From the line that contains "Many people are" down to the last line of the listing below, reproduce each line exactly but not the pictures.

* Information shown *
----------------
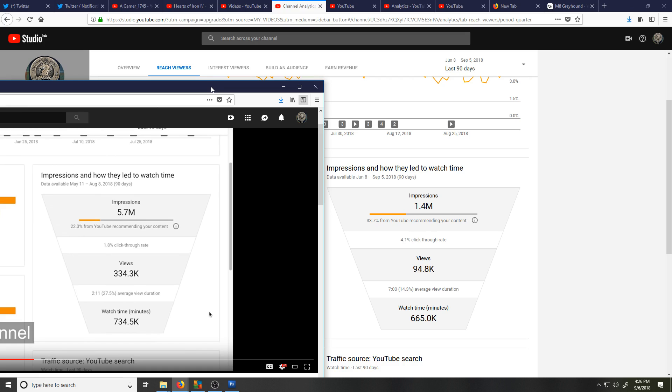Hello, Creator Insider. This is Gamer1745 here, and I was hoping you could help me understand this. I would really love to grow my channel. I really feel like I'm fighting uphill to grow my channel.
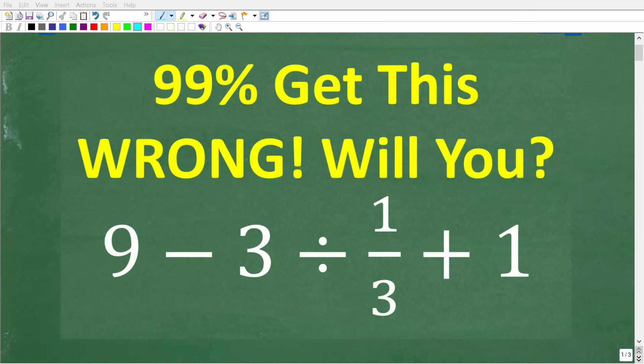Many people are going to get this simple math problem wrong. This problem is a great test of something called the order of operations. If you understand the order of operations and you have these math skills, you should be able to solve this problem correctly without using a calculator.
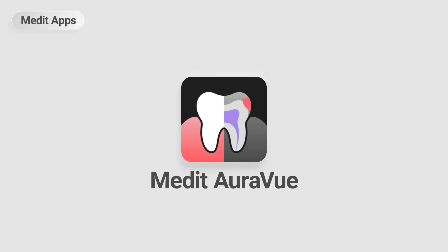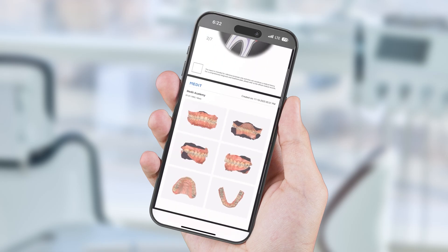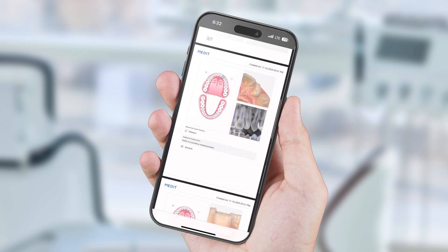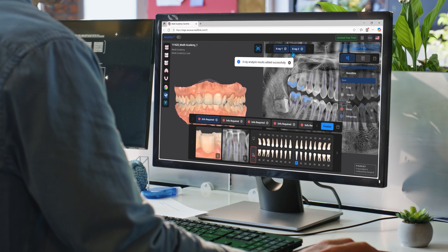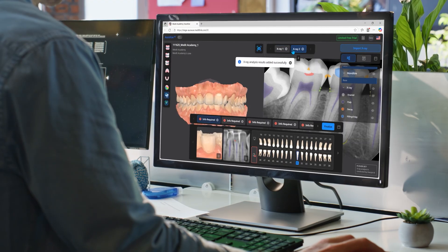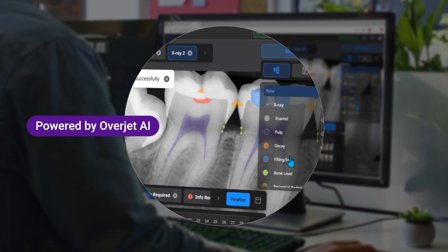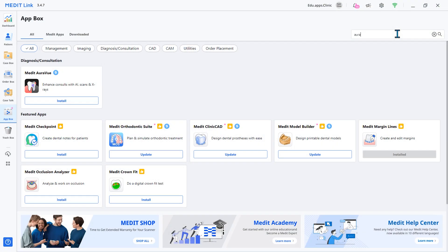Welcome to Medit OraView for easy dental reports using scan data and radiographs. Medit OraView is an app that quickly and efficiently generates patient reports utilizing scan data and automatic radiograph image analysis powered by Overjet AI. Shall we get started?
----------------
* Response to this exercise *
Many people are going to get this simple math problem wrong. This problem is a great test of something called the order of operations. If you understand the order of operations and you have these math skills, you should be able to solve this problem correctly without using a calculator.
Welcome to Medit OraView for easy dental reports using scan data and radiographs. Medit OraView is an app that quickly and efficiently generates patient reports utilizing scan data and automatic radiograph image analysis powered by Overjet AI. Shall we get started?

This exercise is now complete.